Adolescer antes que o mundo acabe

Não é fácil fazer um filme sobre a adolescência, apesar dos manuais de roteiro dizerem que ritos de passagem estão entre as melhores situações dramáticas que existem.

É bem mais fácil fazer um filme para adolescentes, e Hollywood tem demonstrado grande competência nesse campo, pelo menos se considerarmos os sucessos das séries Harry Potter e Crepúsculo, sem discutir seus distintos méritos artísticos. Acho que a maior dificuldade para falar sobre a adolescência é achar o equilíbrio narrativo entre a infância e a idade adulta. “Loucuras de verão”, de George Lucas, por exemplo, é um filme maravilhoso sobre o fim da adolescência e o começo da vida adulta. Não fala da infância. De certo modo, “Deu pra ti, anos 70”, de Nelson Nadotti e Giba Assis Brasil, bate na mesma tecla. Há jovens virando adultos, o que é muito dramático e cinematográfico, mas é um conflito tardio, e não a situação fundadora da adolescência: a descoberta consciente do sexo e da morte.
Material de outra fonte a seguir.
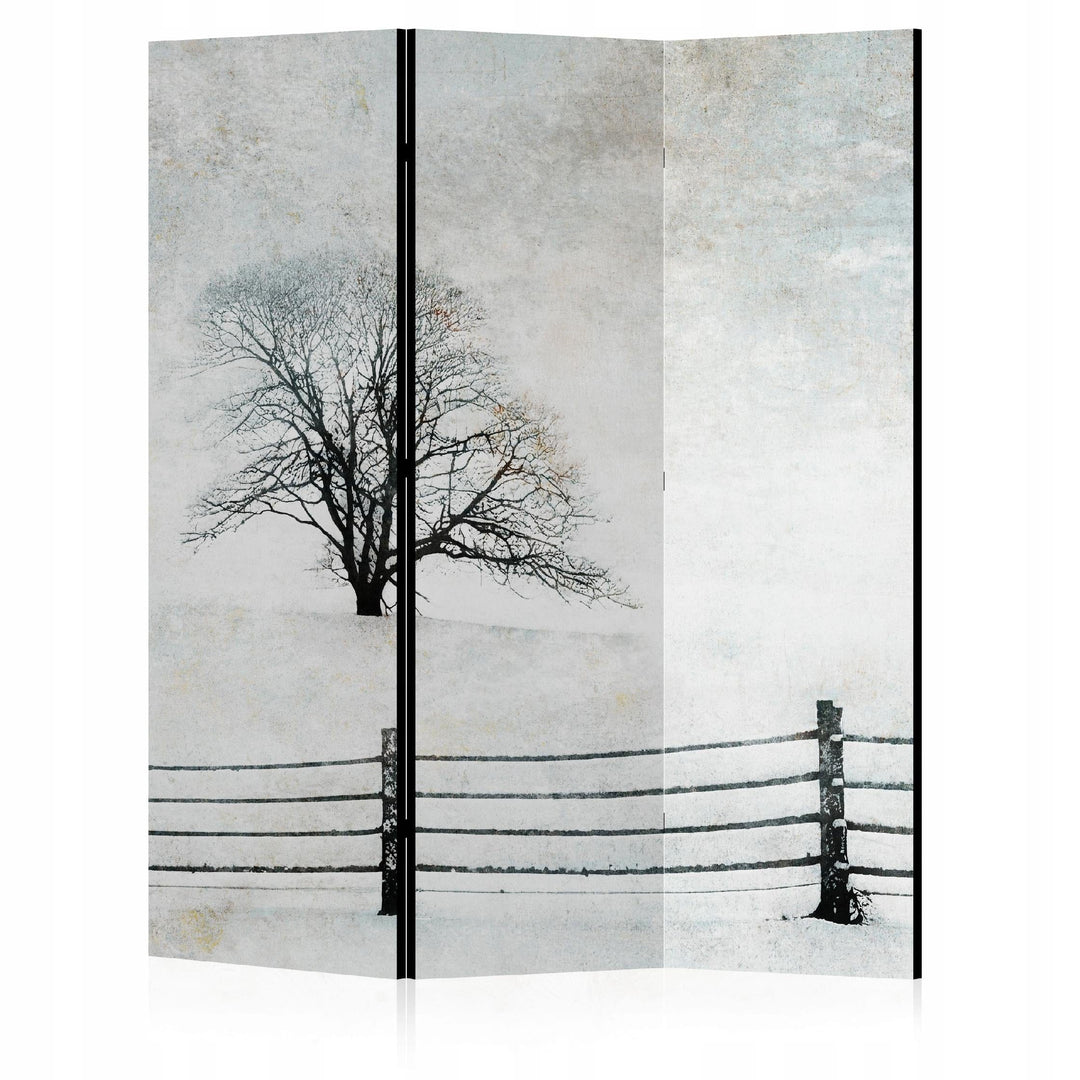 Melnbalts aizslietnis, divpusējs, 135x172, Ziemas klusums laukos L-ART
“Conta comigo”, de Rob Reiner, é a obra-prima que indiscutivelmente fala sobre a adolescência como rito de passagem, mas é triste constatar que precisamos voltar a 1986 para descobrir um filme assim. Se é difícil achar bons filmes sobre a adolescência no mundo, é natural que a situação no Brasil, também seja complicada. Lembro de “A menina do lado”, belo filme de Alberto Salvá, que discute exatamente o limite sexual entre a infância e a idade adulta, que está sendo transposto (ou não) pela “menina” do título. Salvá narra a história do ponto de vista do personagem adulto, o que é uma escolha lógica, mas assim talvez tenha se perdido um pouco daquela bela sensação que Reiner obtém em “Conta comigo” ao dar voz aos próprios adolescentes. Gosto de “Houve uma vez um verão”, de Robert Mulligan, exatamente porque o ponto de vista é de um adolescente angustiado com seus desejos e seus medos.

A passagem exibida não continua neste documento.